New pavers in pale cream lead visitors along pathways that are surrounded by abundant vegetation and a number of imaginative water features, including a central three-metre-high waterfall, some natural-looking cascades, a couple of gentle streams and a terraced water feature built up in natural stone. There’s even a boggy area created at the edges of a pool to display African water-loving plants.
But even though the shell is wondrous to behold, it is the flora that captivates. Whether you are an amateur botanist, a scientist or simply a person who is interested in the natural world, this living, breathing classroom cannot fail to delight. Before the renovation, 500 plants were removed and housed in a temporary nursery, where they were nurtured, progagated and grown in a lengthy and delicate process that involved new science, dedication and time. Now, an incredible 10,000 have gone back into the glasshouse.
Stories of some of these unusual plants that Kew has rescued and the journeys they have taken to their new home are spellbinding. Take the Tree Daisy (Cylindrocline lorencei), for example. Seeds from the last wild plant had been collected, but would not germinate using conventional methods, so Kew’s scientists turned to micropropagation.
First, they identified a small number of living cells contained within the embryos of seeds from one plant. Next, some of these living cells were extracted and cultured.
Slowly but steadily, they multiplied under sterile conditions in the laboratory. After several years of patient work, three clones were successfully reared and may now be viewed in the Temperate House.

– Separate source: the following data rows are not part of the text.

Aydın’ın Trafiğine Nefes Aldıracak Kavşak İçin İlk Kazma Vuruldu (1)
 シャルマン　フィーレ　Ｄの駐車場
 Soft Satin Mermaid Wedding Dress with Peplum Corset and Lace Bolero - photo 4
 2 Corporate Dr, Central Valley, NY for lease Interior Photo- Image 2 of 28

In contrast to the sumptuous, romantic surroundings of the Temperate House, these plants also showcase how humankind is allowing them to fall prey to a variety of threats — educating us about their potential and how important it is to prevent them from dying out. After all, they may hold the secrets for survival or may be the custodians of potential cures for cancer, ebola or other life-threatening diseases.
Richard Barley, the Director of Horticulture at the Royal Botanic Gardens, Kew notes that the Garden’s experts have over 250 years of plant expertise, worldwide collections, partnerships spanning 110 countries, and 131 hectares that make up the most biodiverse place on the planet.
As such, they are well-placed to bring global attention to plants threatened by extinction. It isn’t any surprise that the Gardens, originally created in 1759, obtained World Heritage Site status in 2003. After all, they have made significant contributions to the study of plant diversity and economic botany. Sobering at times, exhilarating at others, a visit to the Temperate House is ultimately a life-affirming experience.
In addition to general entrance, there are also learning experiences and artistic performances to enjoy. Cirque Bijou, a troupe of acrobats and musicians, has a schedule of regular performances featuring aerialists and live music.
Inspired by the Temperate House and the rare plants within, it pushes the boundaries of the contemporary circus act. There is also an interactive walking tour specially designed for families: ‘Gnomus’, a larger-than-life puppet, leads groups around the Temperate House, highlighting the building’s most interesting stories to elicit interest around the vital importance of plants. It’s a great way for children to learn about some of the challenges facing our planet.
Easily accessed from central London, a visit to Kew’s Temperate House not only provides for a fun day out, it’s also a learning experience, giving all of us food for thought about the fragility — and biodiversity — of our planet.